Actions that relate to the prosecutor's role as an advocate are "judicial" actions. Mancini v. Lester, 630 F.2d 990, 993 (3d Cir. 1980). For example, prosecutors are absolutely immune from claims for malicious prosecution, for solicitation of perjured testimony, and for conspiracy with state actors while engaged in an advocacy role. See Rose; Imbler; Ross. In fact, a prosecutor's duties extend beyond the actual filing of a lawsuit. In Imbler, the Supreme Court noted that "the duties of the prosecutor in his role as an advocate for the state involve actions preliminary to the initiation of a prosecution and action separate from the courtroom." Imbler, 424 U.S. at 431, n. 33. Thus, prosecutors are absolutely immune from liability for filing false charges or initiating a prosecution, Kulwicki v. Dawson, 969 F.2d 1454, 1463 (3d Cir. 1992), or for deciding not to initiate a prosecution, Isley v. Bucks County, 549 F. Supp. 160, 161 (E.D. Pa. 1982).

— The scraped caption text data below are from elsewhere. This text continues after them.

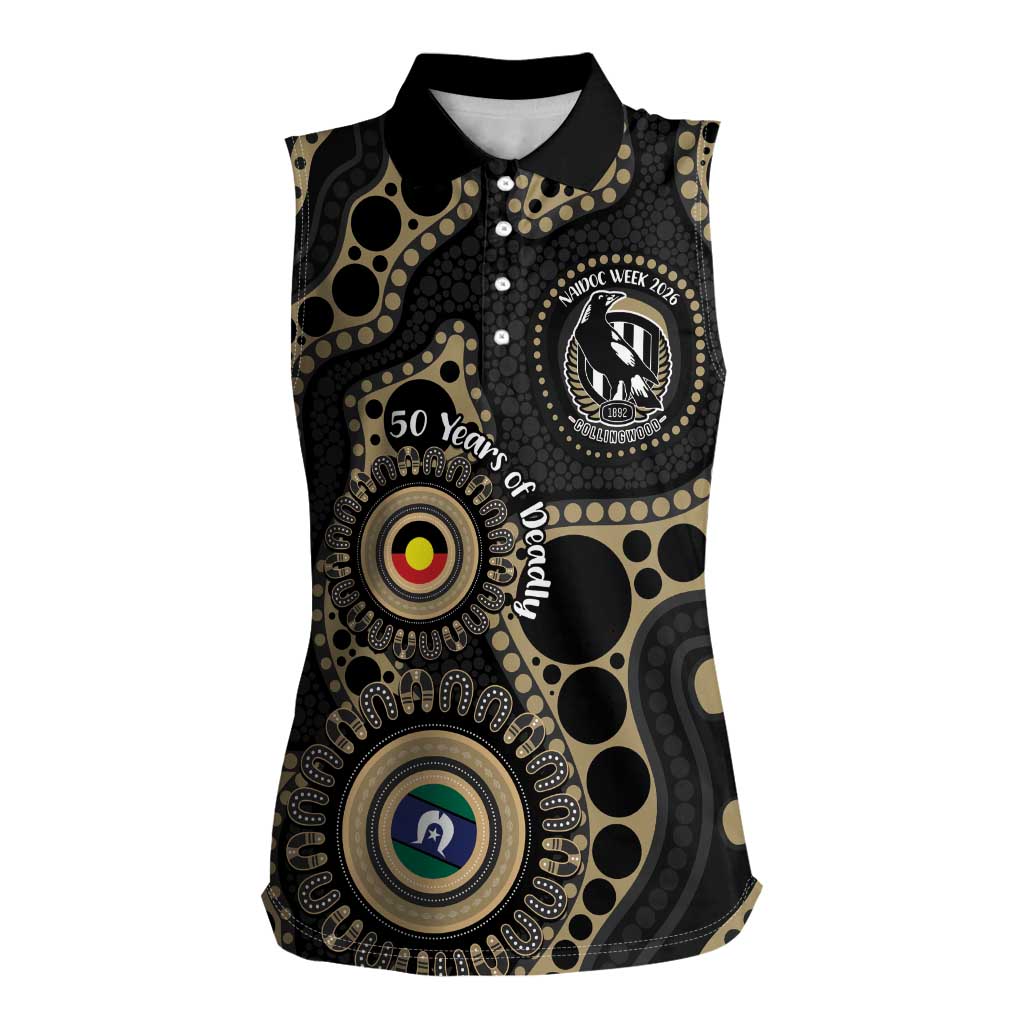 Collingwood NAIDOC Week 2026 Personalised Women Sleeveless Polo Shirt 50 Years of Deadly Aboriginal Art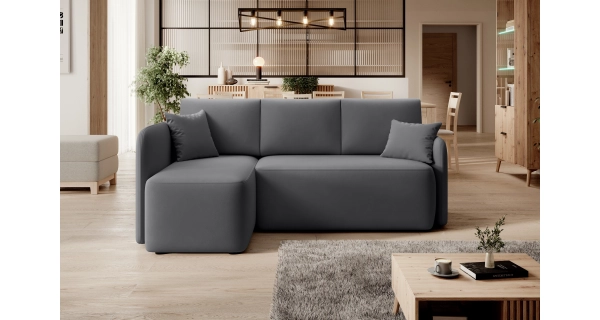 Rohová sedačka TOPIC, tmavě šedá, levá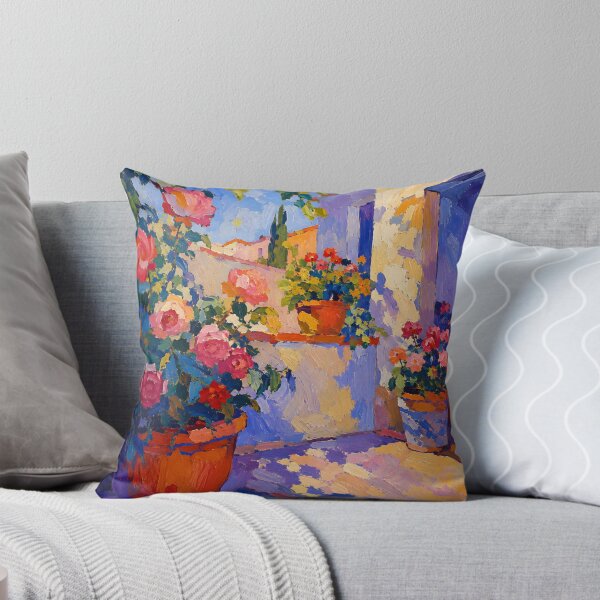 Item preview, Colorful Mediterranean Rose Garden Courtyard Impasto Painting designed and sold by GutyzDesignsES.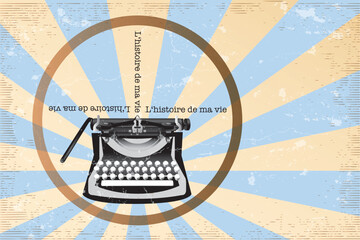 vintage typewriter illustration
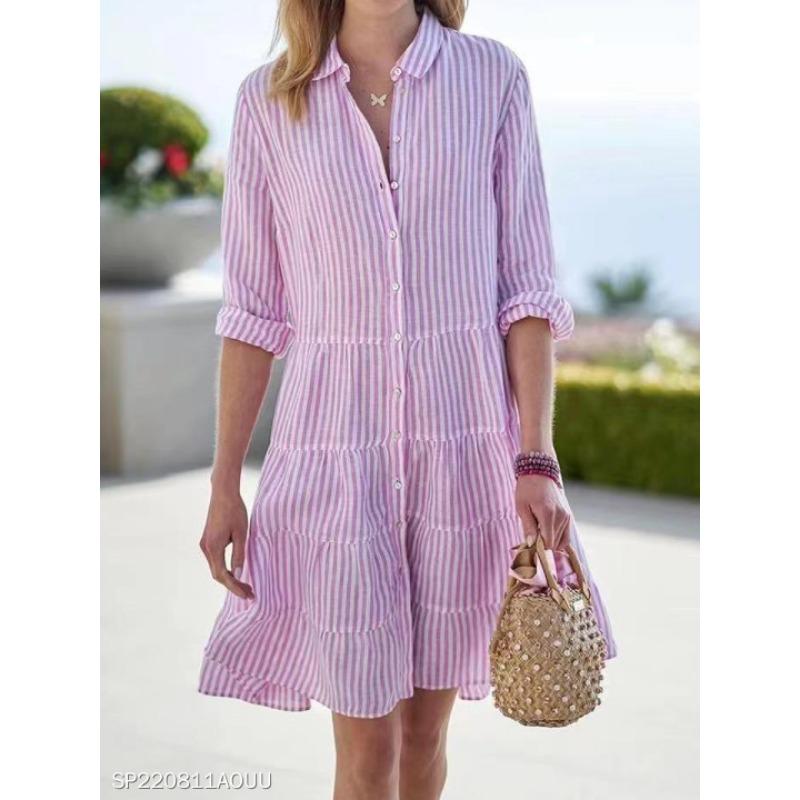 Summer long-sleeved women's striped lapel dress, elegant, generous, comfortable and versatile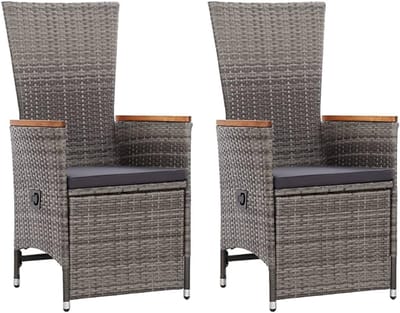 Tuinstoelen - Verstelbare stoelen - Buiten ontspannen - Verstelbare rugleuning - 62 x 58 x 108 cm - Grijs
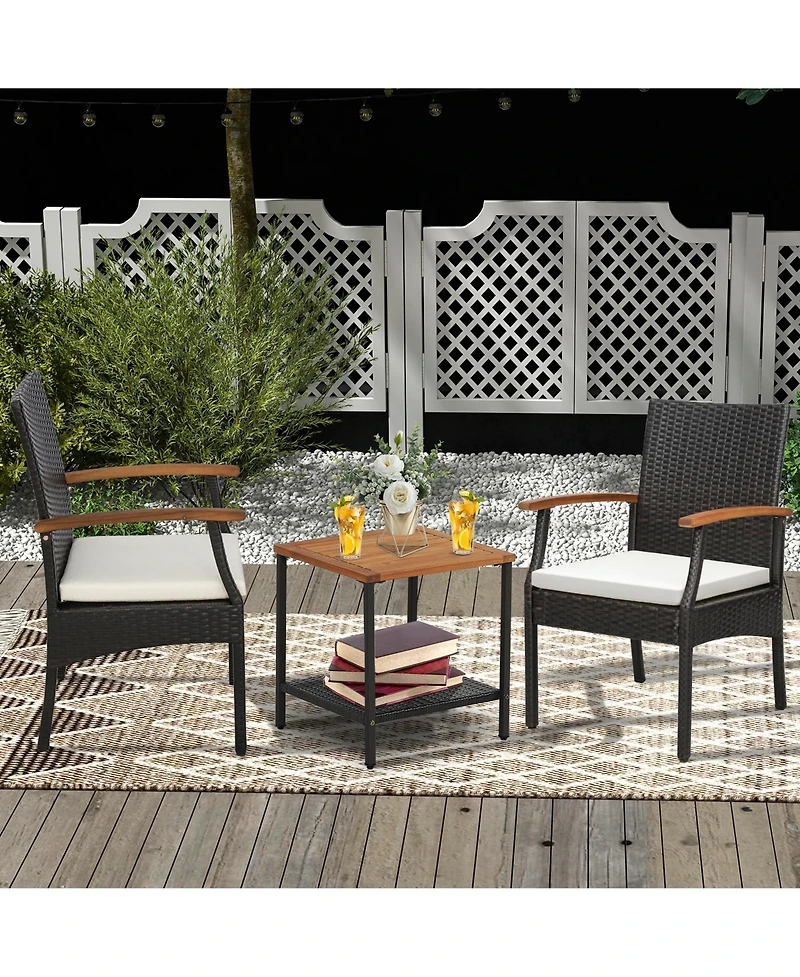 4PCS Patio Pe Wicker Chairs Acacia Wood Armrests with Soft Zippered Cushion Balcony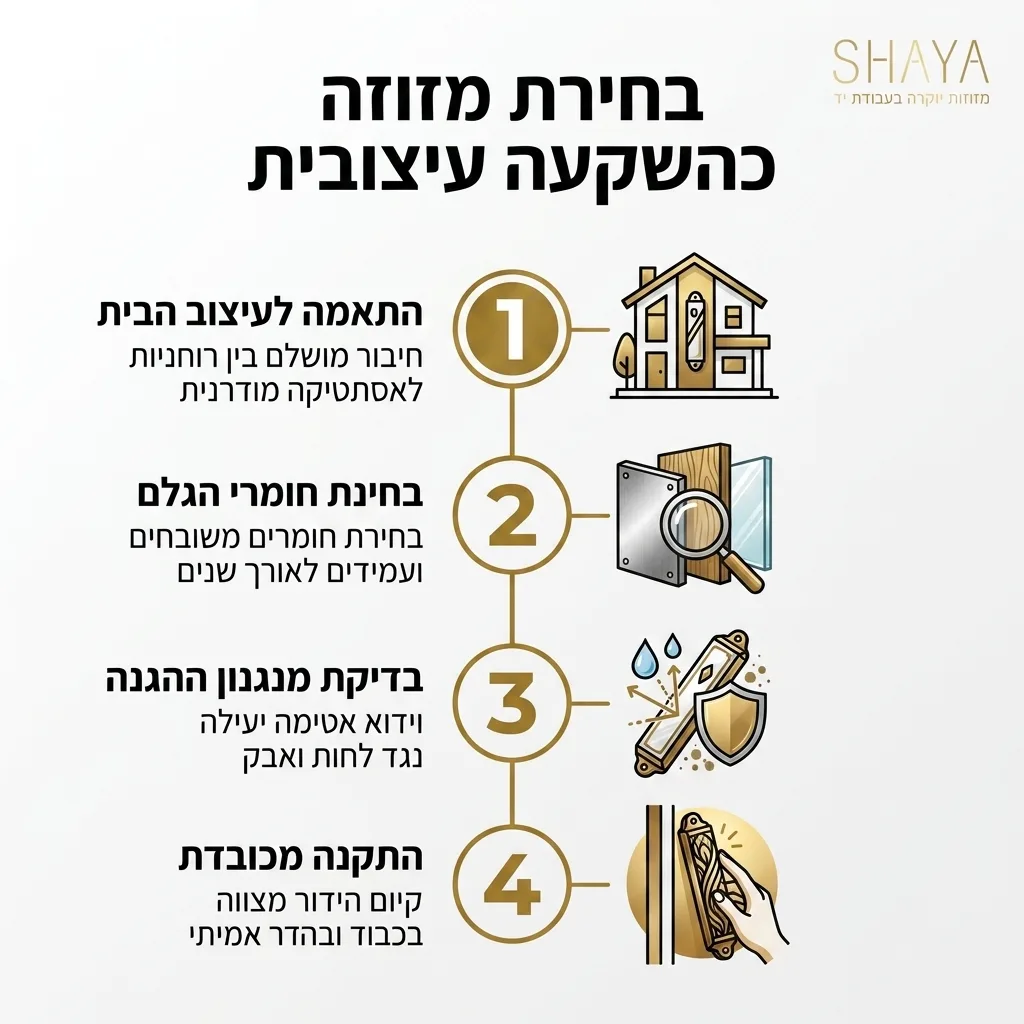 אינפוגרפיקה — בחירת מזוזה כהשקעה עיצובית: התאמה לעיצוב הבית, בחינת חומרי הגלם, בדיקת מנגנון ההגנה, התקנה מכובדת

The allegations of Plaintiff's amended complaint clearly challenge actions that fell within the scope of Defendant Burns' duties as an assistant district attorney in initiating and pursuing a criminal prosecution. There are no allegations that Defendant Burns actually took part in the arrest and/or search of Plaintiff. Accordingly, Defendant Burns is absolutely immune from Plaintiff's claims of false arrest and illegal search and seizure, and the same should be dismissed. III. CONCLUSION
For the foregoing reasons, it is respectfully recommended that Defendant Michael Burns' motion to dismiss amended complaint [ECF No. 31] be granted, and that Defendant Burns be terminated from this case.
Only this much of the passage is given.